> Your task
Only one span of the material below is wanted. Output it exactly, from the line with "ERDEM below the" through the line with "Las Vegas Raiders", without any pictures.

> Record extracts
______

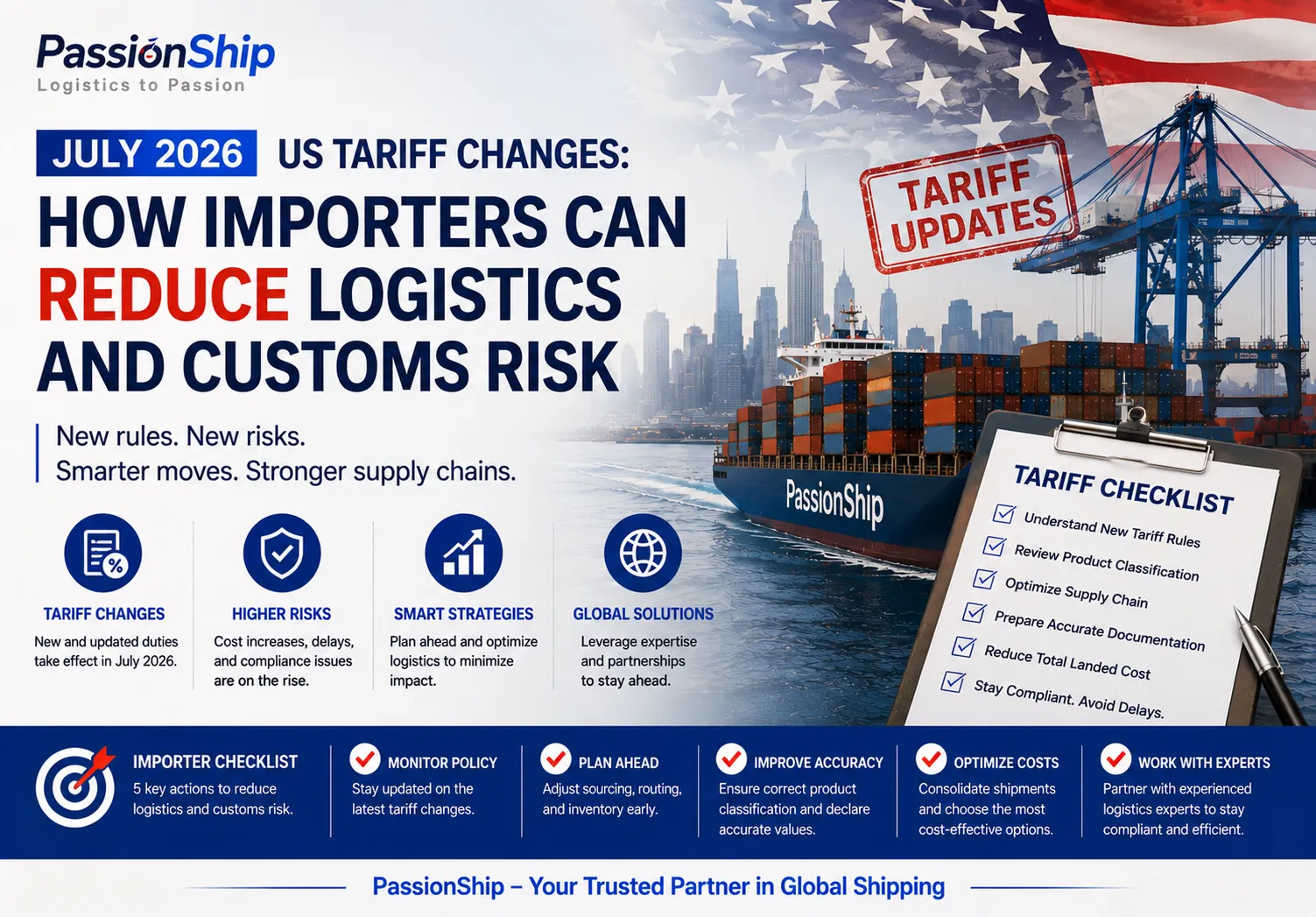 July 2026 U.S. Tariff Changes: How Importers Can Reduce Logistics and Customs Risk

______

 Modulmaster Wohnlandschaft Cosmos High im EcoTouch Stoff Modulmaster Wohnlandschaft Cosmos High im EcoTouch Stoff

______

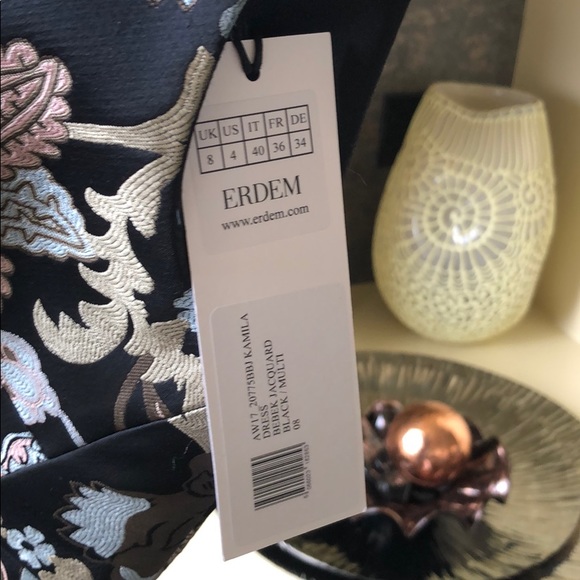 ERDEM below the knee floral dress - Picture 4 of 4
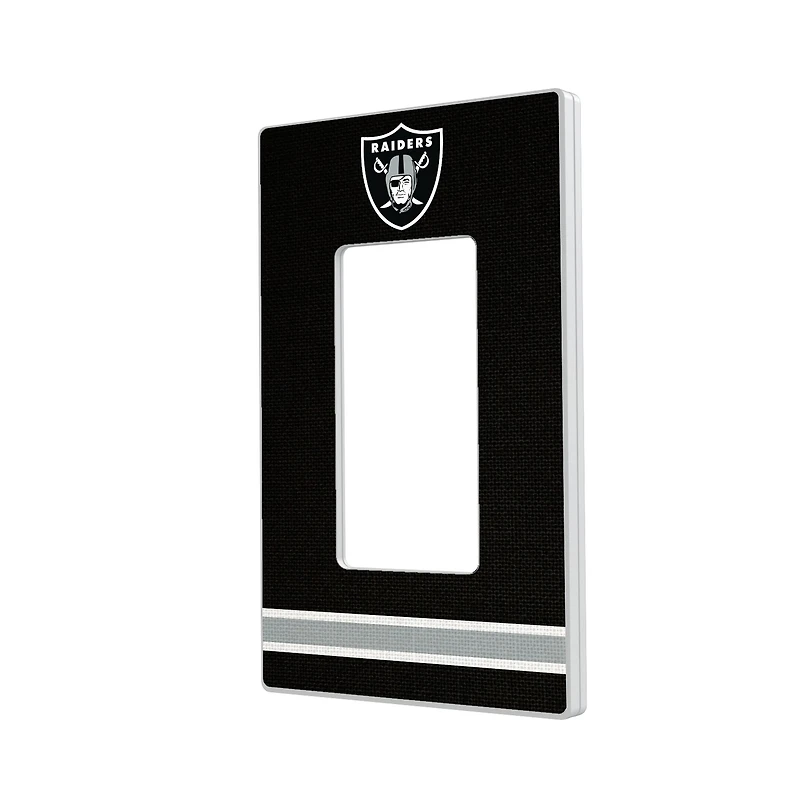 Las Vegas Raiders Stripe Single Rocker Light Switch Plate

______

> Output below
 ERDEM below the knee floral dress - Picture 4 of 4
 Las Vegas Raiders Stripe Single Rocker Light Switch Plate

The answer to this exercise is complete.